How to design SQL queries with better performance: SELECT * and EXISTS vs IN vs JOINs

Quite often developers put the responsibility of the server performance on the shoulders of DBAs. But to be honest, as a developer, it is your responsibility to write code which is efficient and optimal. However, when writing code, the developer often lacks the knowledge and/or experience about SQL Server to meet this requirement.

In this series, I will be discussing various aspects of query designing, keeping performance and scalability in mind. We will be addressing the most common concepts which we often see that negatively impact SQL code written by developers.

To make sure that we do not get into the realm of “it depends”, the whole article is mostly based on an 80-20 rule. 80% of the work rules can benefit from the generalization but there is still 20% of particular specific used cases that the generalization might not be helpful.

In the article, we will talk about the various operators and what do they do, when do they come and what happens.

Avoid using SELECT *

When writing queries, it would be better to set the columns you need in the select statement rather than SELECT *. There are many reasons for that recommendation, like:

SELECT * Retrieves unnecessary data besides that it may increase the network traffic used for your queries.
When you SELECT *, it is possible to retrieve two columns of the same name from two different tables (when using JOINS for example).
SELECT * with WHERE conditions will use clustered index by default so it may not use optimal other indexes.
The application might break, because of column order changes.
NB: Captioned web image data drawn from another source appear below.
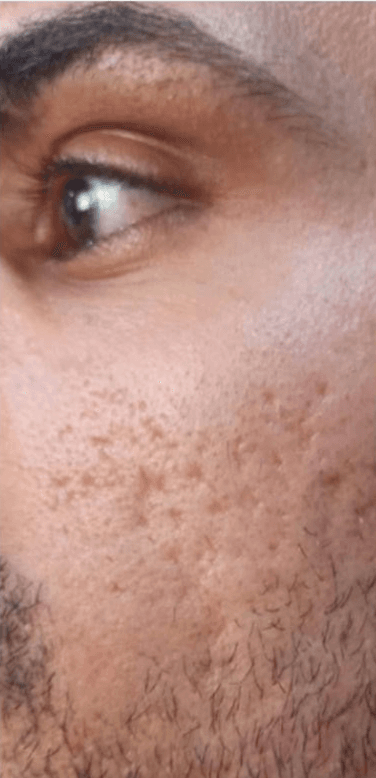 Rejuvenescimento facial — depois, caso 3
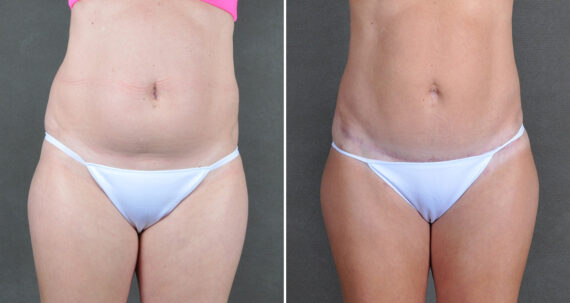 Liposuction Before and After Photos in Omaha, NE, Case 22124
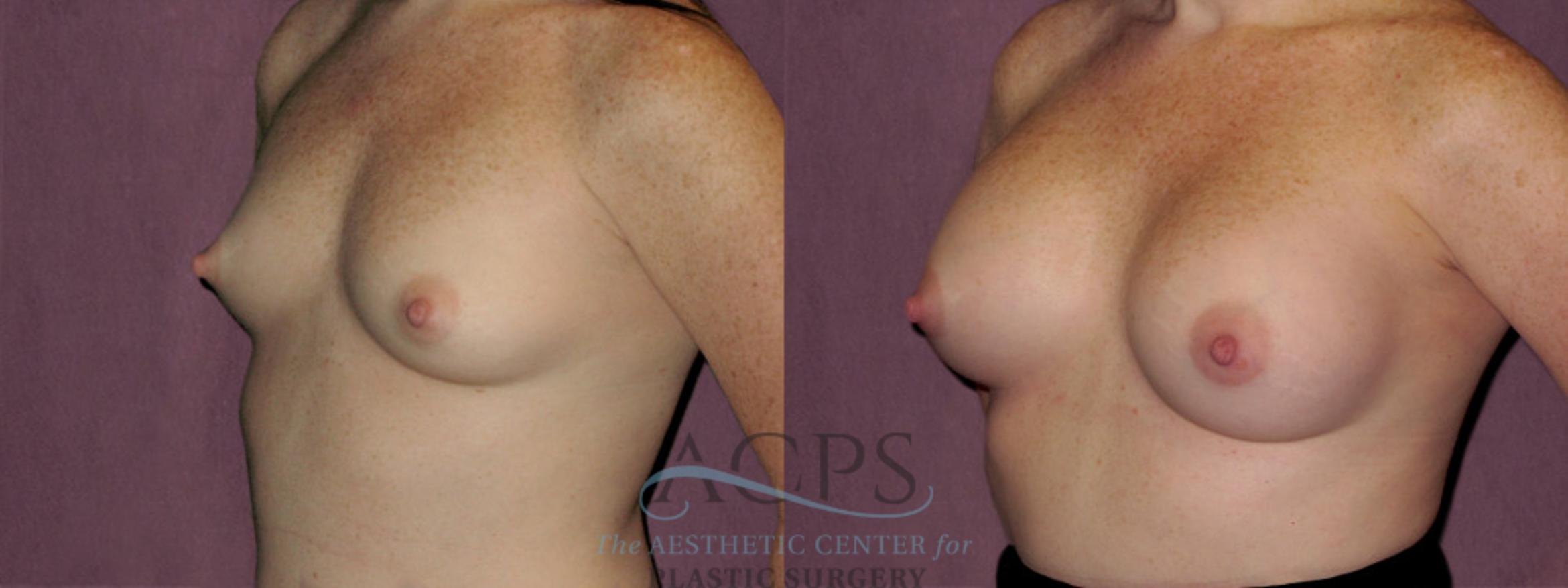 Before & After Breast Revision Case 1069 Oblique Left View: View in Houston, TX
Let us try to check out the drawbacks of using SELECT * with AdventureWorks2014 sample database:

Include actual execution plan while executing the following query:

USE AdventureWorks2014

SET STATISTICS IO ON

SELECT SalesOrderID,SalesOrderDetailID,CarrierTrackingNumber

FROM Sales.SalesOrderDetail

WHERE ProductID = 707

SELECT *

FROM Sales.SalesOrderDetail

WHERE ProductID = 707

As you can see below, both queries have the same number of rows retrieved and the same number of logical reads done.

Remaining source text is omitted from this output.